Shenandoah and Frederick counties are moving in the right direction by centralizing volunteer fire departments under one chief. Instead of volunteer companies each tackling recruitment, retention, response times and other issues common to all, it’s just smarter to work together with oversight from a county chief.
Shenandoah County supervisors last week approved a plan to create an organization with county Fire and Rescue Chief Tim Williams at the helm, while supervisors in Frederick County have yet to vote on their plan.
These strategic plans are not without controversy.
Shenandoah County Supervisor Richard Walker raised concerns at last week’s Board of Supervisors meeting about the centralization, noting that he would like to see the plan accepted by all of the volunteer departments. Board Chairman Conrad Helsley responded that every department had a chance to provide input into the plan. “Every department was invited to come and participate,” he said. “Most of them did; some of them did not.”
Stephens City and Middletown officials are holding a joint meeting today to voice their concerns about a fire and rescue study commissioned by Frederick County.

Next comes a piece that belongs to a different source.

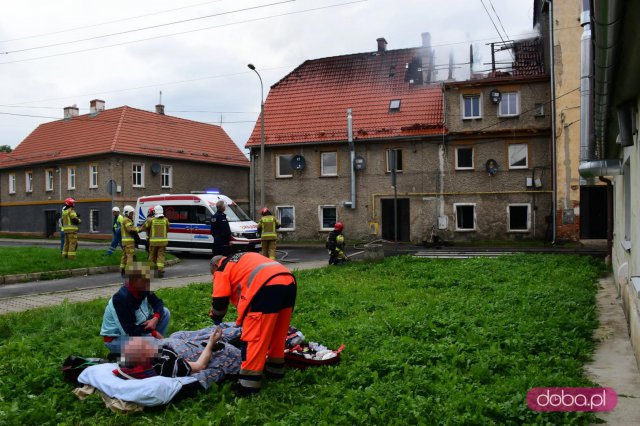 Pożar domu przy ul. Nowowiejskiej w Dzierżoniowie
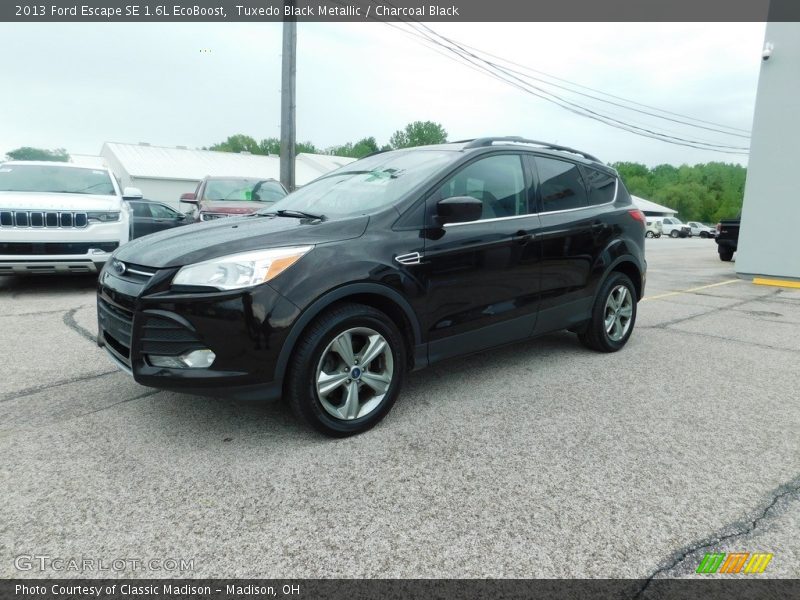 Tuxedo Black Metallic / Charcoal Black 2013 Ford Escape SE 1.6L EcoBoost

There is an emotional element in centralizing. Volunteer companies have independently manned and maintained their departments for decades. Entire families have proudly served their communities through these departments, saving their neighbors’ lives and structures as well as raising funds to continue doing so. But there have been some problems, as well, from difficulty in finding enough volunteers to raising funds to misconduct by department members.
This move to centralization is a positive step forward in protecting our communities.